Migrating a 200,000 member forum (LDU to Discourse)


(Thomas Wilson) #1

Hello folks,

This is my first topic - very excited about what Discourse has to offer, and just had a few questions I was hoping you could shed some light on. I’ve looked around the support forums but couldn’t find everything I was looking for.

I run a forum for the Muse fan community which is built upon a legacy LAMP setup (using LDU as its CMS). Discourse looks great - I have a test site up and running and it’s working well (digitalocean // mandrill // S3 // ghost + discourse setup).

We’d like to migrate our news over to ghost and our forums over to Discourse. Our current news commenting system hooks into our forum, so I first of all had a quick question regarding that.

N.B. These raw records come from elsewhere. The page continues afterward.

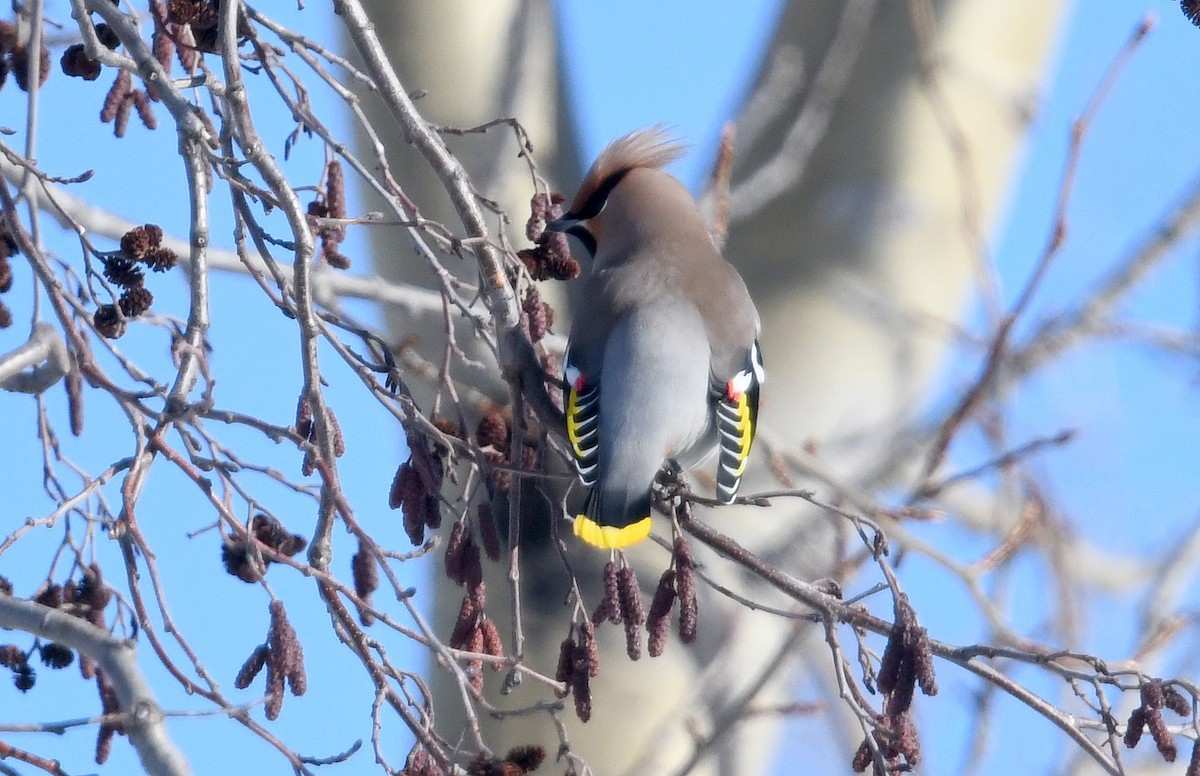 キレンジャク - ML645441916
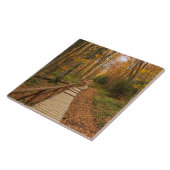 Carreau Traverser la forêt d'automne. (Côté)
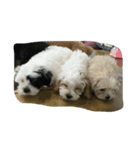 dog gig（個別スタンプ：5）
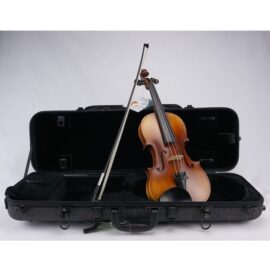 Paesold PA801E Violin Outfit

  • If I migrate our existing forums over to Discourse (including the ‘News’ forum) and set up an RSS feed of new blog entries from Ghost (which will contain our migrated news), how can I ensure we don’t get any duplicates? Does discourse have any clever algorithm to detect/prevent duplicated entries being created?

My second question revolves around how users are handled. Our existing site has close to 200,000 of them – not all of whom are active (in fact, only a small minority are). Not all of them have posted in our forums and some of them are banned.

  • What actually happens when I import users (e.g. using a modified version of the phpBB3 script)? How are they notified that they have new accounts – and can these notifications be delayed/disabled whilst I’m still testing (I don’t want to spam them all!)? Could I maybe invite them in batches?
  • Does Discourse support/handle (or have plans to) bounce notifications from 3rd party e-mail solutions (e.g. Mandirll has a bounce hook)?
  • Levels/badges etc - If I import a user who has, say, 500 posts to their name, are badges/trust levels automagically applied, or are these only calculated after everything has been imported?

And finally, performance. The current forum has very low activity at the moment, for a variety of reasons (next to no notifications, twitter/facebook emigration etc.). We currently get around 50 new posts a day (it used to be +1000). There are ~2.4m posts and ~50k topics.

  • Will the shear size of the database, regardless of # queries, cause performance issues?
  • I’m expecting activity to increase once we go live (because Discourse is freakin’ awesome). I’m testing using a 1GB digitalocean droplet which I can scale up/down accordingly, but is there anything else I should be aware of before opening the floodgates?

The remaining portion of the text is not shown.